A regex selector can end with an optional
regex-env or flag, such as
/g which selects a global match. A selector like this followed by a value returns the full original value with the match(es) replaced by the second supplied value.
(@p1 It is not well known that the Disneyland Monorail System and Disneyland Railroad were owned by a separate business, WED Enterprises, which Walt controlled. Later renamed Retlaw Enterprises ("Walter" in reverse), the business was sold by Disney's heirs to the Walt Disney Company in 1982.)
(@p1 /business/g company) ⇒ It is not well known that the Disneyland Monorail System and Disneyland Railroad were owned by a separate company, WED Enterprises, which Walt controlled. Later renamed Retlaw Enterprises ("Walter" in reverse), the company was sold by Disney's heirs to the Walt Disney Company in 1982.
When an expression contains multiple regex selectors, each resulting value is curried to the next selector in left-to-right order.
(@WINDY-CITY Chicago, IL /[^,]+/ /cago/ -Town)
(@WINDY-CITY) ⇒ Chi-Town
Selectors persist in the atom's subatomic space until the atom's value is set again.
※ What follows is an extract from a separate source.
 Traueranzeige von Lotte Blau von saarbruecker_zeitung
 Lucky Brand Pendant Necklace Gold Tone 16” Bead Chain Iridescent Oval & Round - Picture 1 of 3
Setting an atom's value removes all existing regex selectors.
(@SCROOGE Uncle Scrooge) (@SCROOGE /Uncle/ Unca) (@SCROOGE) ⇒ Unca Scrooge (@SCROOGE Uncle Scrooge McDuck) ⇒ Uncle Scrooge McDuck
While it is not possible to directly remove a selector from an atom, the atom can be rewritten without the undesired selector, which achieves the same effect while preserving the previous value in the hybrid database.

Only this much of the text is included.